Supreme Court Justice Anthony Kennedy's announcement Wednesday that he would retire jolted American politics, handing Republicans a high-profile issue to energize their base for the midterm elections and infuriating Democrats who fear a Trump-packed court.
Kennedy is considered the swing vote on the high court, and President Trump will now get to cement his imprint with a second pick who could secure a conservative majority for years to come. Trump already appointed Neil Gorsuch to the court to replace the late Justice Antonin Scalia.
Trump on Wednesday said he would begin his search for a replacement immediately, and Senate Majority Leader Mitch McConnell said the Senate would vote to confirm a new justice this fall. Kennedy's retirement is effective July 31.
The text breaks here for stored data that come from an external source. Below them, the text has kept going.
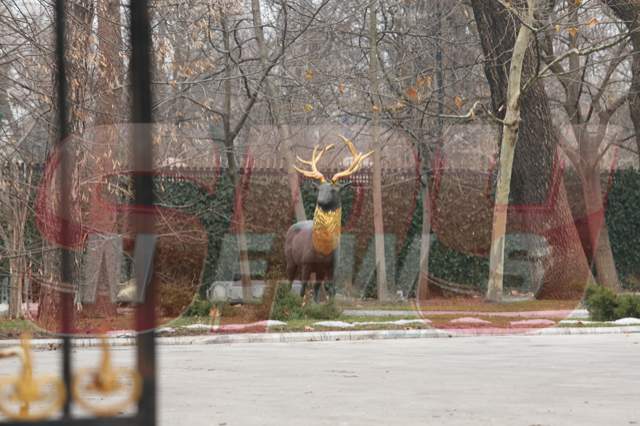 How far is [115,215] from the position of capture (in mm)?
20672

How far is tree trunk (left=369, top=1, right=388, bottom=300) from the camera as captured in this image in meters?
26.7

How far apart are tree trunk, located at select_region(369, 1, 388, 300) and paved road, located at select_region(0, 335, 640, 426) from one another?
30.1ft

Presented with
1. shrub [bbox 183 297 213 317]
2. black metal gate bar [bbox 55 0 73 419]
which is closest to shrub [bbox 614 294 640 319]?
shrub [bbox 183 297 213 317]

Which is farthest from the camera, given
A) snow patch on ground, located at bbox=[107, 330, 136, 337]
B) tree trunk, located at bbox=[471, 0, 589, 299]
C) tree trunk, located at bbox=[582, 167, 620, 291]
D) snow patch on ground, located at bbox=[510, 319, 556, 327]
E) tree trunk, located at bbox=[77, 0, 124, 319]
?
tree trunk, located at bbox=[582, 167, 620, 291]

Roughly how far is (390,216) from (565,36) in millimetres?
9887

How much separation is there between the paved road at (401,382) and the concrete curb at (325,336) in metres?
0.55

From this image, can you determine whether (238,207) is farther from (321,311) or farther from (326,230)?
(321,311)

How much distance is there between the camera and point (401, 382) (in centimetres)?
1199

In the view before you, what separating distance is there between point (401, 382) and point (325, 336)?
260 inches

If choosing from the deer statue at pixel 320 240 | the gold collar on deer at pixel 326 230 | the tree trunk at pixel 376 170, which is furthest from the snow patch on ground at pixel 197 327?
the tree trunk at pixel 376 170

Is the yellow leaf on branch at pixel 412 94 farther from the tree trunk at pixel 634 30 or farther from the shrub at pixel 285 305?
the tree trunk at pixel 634 30

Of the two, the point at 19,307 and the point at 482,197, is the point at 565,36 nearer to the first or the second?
the point at 482,197

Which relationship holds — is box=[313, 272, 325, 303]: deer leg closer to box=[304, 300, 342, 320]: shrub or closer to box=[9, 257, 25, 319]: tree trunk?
box=[304, 300, 342, 320]: shrub

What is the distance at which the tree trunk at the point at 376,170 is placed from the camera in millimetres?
26672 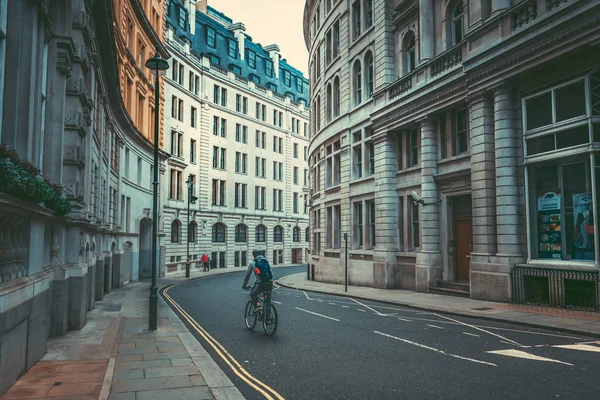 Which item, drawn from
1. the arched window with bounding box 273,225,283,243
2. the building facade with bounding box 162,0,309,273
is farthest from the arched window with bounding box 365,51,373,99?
the arched window with bounding box 273,225,283,243

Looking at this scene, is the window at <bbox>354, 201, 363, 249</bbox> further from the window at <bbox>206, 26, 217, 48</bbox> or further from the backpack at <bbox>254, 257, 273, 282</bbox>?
the window at <bbox>206, 26, 217, 48</bbox>

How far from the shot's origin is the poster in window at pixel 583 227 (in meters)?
14.6

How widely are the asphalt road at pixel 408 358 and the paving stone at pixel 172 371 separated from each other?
24.0 inches

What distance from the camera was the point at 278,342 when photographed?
11.0 m

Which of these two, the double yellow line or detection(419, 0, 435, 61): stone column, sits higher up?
detection(419, 0, 435, 61): stone column

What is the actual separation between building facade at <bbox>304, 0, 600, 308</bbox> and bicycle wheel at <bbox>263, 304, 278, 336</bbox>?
29.2ft

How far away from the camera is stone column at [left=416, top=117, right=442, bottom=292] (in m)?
21.2

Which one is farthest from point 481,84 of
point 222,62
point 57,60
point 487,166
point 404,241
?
point 222,62

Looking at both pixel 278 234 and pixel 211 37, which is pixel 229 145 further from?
pixel 278 234

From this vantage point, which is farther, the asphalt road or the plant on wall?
the asphalt road

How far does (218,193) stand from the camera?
5278 cm

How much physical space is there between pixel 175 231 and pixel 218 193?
8659 millimetres

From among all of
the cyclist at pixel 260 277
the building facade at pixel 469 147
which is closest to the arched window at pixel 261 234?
the building facade at pixel 469 147

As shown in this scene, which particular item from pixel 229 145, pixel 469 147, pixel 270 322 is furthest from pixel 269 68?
pixel 270 322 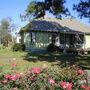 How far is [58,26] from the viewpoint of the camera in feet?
122

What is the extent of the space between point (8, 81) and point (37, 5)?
1713cm

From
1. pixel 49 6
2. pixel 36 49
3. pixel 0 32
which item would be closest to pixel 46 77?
pixel 49 6

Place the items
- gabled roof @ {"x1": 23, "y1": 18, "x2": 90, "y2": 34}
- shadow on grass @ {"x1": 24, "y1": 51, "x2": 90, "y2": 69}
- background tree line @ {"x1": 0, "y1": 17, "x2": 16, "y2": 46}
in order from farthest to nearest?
background tree line @ {"x1": 0, "y1": 17, "x2": 16, "y2": 46} → gabled roof @ {"x1": 23, "y1": 18, "x2": 90, "y2": 34} → shadow on grass @ {"x1": 24, "y1": 51, "x2": 90, "y2": 69}

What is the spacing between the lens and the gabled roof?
116 ft

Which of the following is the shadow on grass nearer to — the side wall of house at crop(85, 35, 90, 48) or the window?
the window

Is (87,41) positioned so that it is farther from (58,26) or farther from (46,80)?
(46,80)

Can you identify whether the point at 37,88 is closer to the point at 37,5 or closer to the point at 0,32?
the point at 37,5

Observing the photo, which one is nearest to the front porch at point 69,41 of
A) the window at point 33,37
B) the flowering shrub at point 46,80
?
the window at point 33,37

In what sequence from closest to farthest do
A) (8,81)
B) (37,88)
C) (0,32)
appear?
(37,88)
(8,81)
(0,32)

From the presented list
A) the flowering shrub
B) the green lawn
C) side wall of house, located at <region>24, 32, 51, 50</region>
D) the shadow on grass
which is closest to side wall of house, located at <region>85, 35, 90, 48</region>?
Answer: side wall of house, located at <region>24, 32, 51, 50</region>

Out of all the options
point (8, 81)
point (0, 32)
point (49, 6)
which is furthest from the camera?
point (0, 32)

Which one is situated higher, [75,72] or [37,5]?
[37,5]

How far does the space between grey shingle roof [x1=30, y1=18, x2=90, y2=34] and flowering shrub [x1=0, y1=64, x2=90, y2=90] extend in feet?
93.9

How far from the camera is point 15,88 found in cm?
509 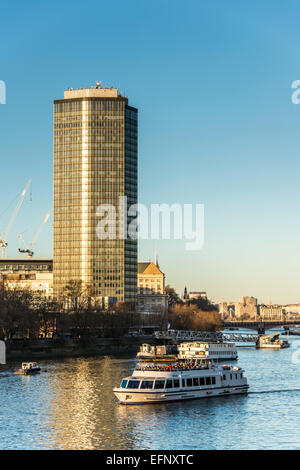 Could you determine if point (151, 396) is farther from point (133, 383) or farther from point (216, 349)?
point (216, 349)

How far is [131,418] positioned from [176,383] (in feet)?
37.0

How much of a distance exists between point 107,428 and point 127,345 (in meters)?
120

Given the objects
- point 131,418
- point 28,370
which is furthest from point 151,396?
point 28,370

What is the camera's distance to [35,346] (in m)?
151

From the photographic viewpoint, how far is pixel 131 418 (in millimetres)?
73500

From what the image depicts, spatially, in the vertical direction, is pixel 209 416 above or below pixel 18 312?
below

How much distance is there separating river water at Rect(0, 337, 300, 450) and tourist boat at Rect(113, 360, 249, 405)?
1079 mm

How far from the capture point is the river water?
6306 cm

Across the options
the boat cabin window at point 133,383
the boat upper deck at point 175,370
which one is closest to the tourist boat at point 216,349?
the boat upper deck at point 175,370

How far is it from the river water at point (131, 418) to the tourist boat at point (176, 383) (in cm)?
108

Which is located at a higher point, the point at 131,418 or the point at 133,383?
the point at 133,383

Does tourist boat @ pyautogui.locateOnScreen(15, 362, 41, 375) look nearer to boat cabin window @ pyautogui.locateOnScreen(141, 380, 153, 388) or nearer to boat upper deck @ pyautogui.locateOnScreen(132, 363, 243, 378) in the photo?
boat upper deck @ pyautogui.locateOnScreen(132, 363, 243, 378) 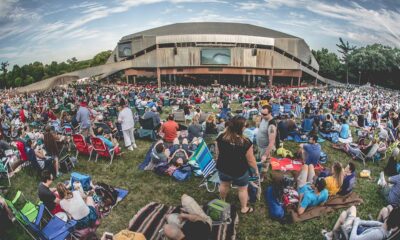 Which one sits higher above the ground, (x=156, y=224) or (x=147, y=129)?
(x=147, y=129)

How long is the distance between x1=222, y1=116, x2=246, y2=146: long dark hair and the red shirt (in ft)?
12.4

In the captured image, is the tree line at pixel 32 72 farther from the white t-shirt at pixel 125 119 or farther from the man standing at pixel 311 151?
the man standing at pixel 311 151

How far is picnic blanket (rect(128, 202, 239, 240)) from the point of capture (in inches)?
152

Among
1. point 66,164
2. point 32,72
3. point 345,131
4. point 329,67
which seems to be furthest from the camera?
point 32,72

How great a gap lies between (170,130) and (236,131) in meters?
3.90

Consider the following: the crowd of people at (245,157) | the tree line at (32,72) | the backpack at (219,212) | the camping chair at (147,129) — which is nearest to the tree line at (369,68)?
the crowd of people at (245,157)

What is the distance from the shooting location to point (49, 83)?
80.7 feet

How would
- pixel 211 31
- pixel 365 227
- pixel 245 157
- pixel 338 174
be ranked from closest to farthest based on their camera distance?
pixel 365 227, pixel 245 157, pixel 338 174, pixel 211 31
Liberals and conservatives alike raised the prospect that with Trump's replacement, the Supreme Court may reverse its landmark abortion-rights decision, Roe v. Wade.
Kennedy was unpopular among liberals for his positions on money in politics and, most recently, Trump's travel ban.
But he also wrote the court's decision legalizing gay marriage and supported abortion rights.
Democrats, citing the GOP's refusal to consider President Barack Obama's Supreme Court nominee in 2016, said they would try to block any appointment made before the midterm elections.
Democrats need a net gain of two seats in November to take control of the Senate; the electoral map favors Republicans.
Trump called Kennedy a "great justice" and a "man who has displayed great vision."
Trump supporters pointed to Kennedy's retirement as the latest evidence that the so-called "Never Trump" movement inside the GOP was misguided.